What is a Langoustine?

Editor
This relative of the lobster is also called the Norway lobster and the Dublin Bay prawn
Langoustines

Wikimedia Commons/ Tangopaso

Langoustines are basically mini-lobsters.

You’ve probably spotted langoustines on restaurant menus, or possibly garnishing raw bars, and wondered just what in fact they are. Well wonder no further.

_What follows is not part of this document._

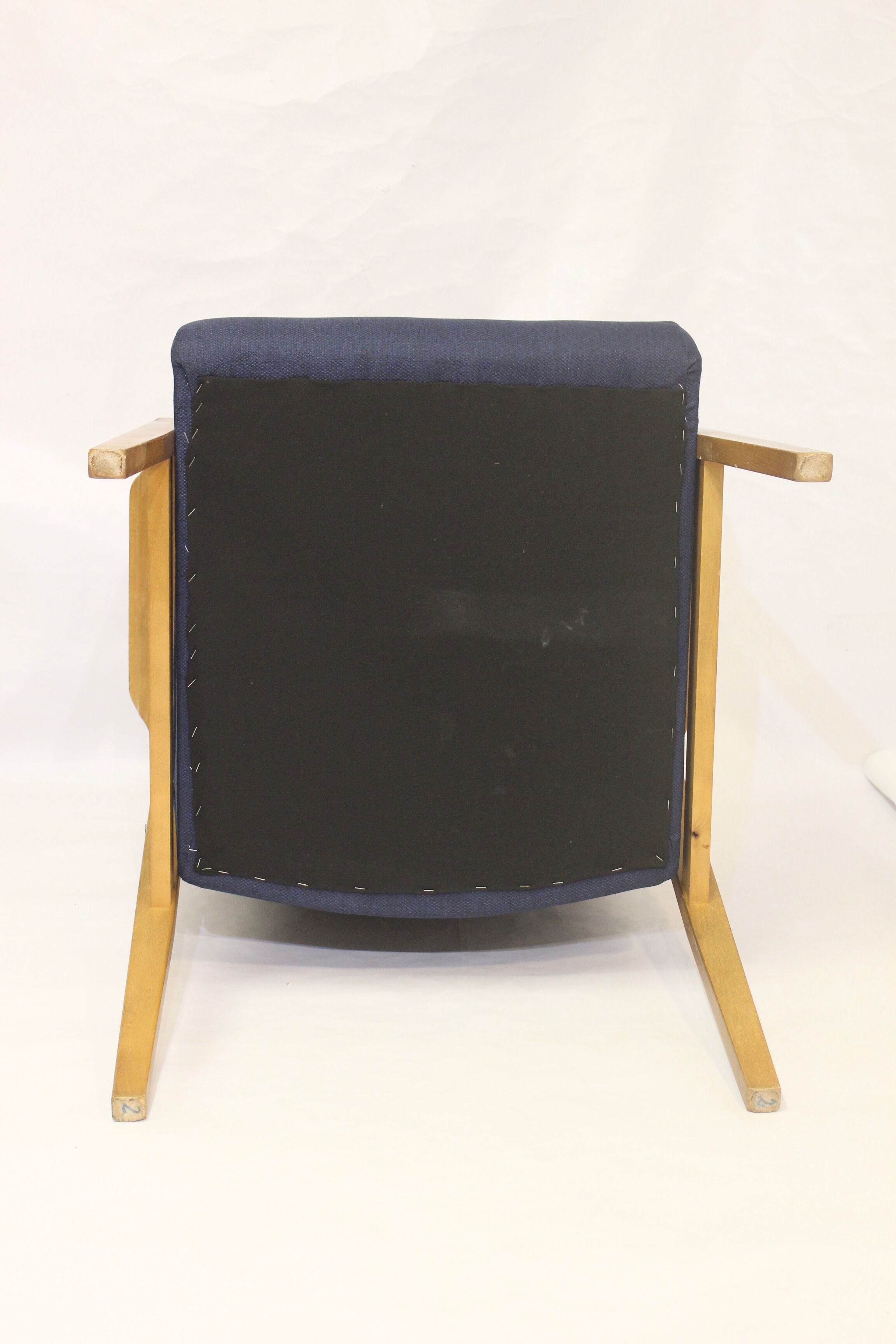 Pair of Scandinavian armchairs 60s restored deep blue gloved fabric.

Langoustines, also known as Norway lobsters, Dublin Bay prawns, scampi (in Italian), and cigala in Spanish) are essentially small lobsters. Averaging about eight inches long, they look basically identical to lobsters, but they’re skinnier and generally a lighter shade of pink. Fished from the silty bottom of the Atlantic Ocean and Mediterranean Sea, they’re usually prepared by removing the meat from the shell and sautéing it, lightly poaching the whole thing in court-bouillon, or by slicing the entire langoustine in half and cooking it quickly cut-side-down on a hot grill or plancha.

While most people associate langoustines more closely with shrimp, it’s best to think of them as a small lobster, especially when it comes to flavor (they’re also in a different family from shrimp entirely). If you need further proof, all you need to do is taste them; the flavor is undeniably lobster-like.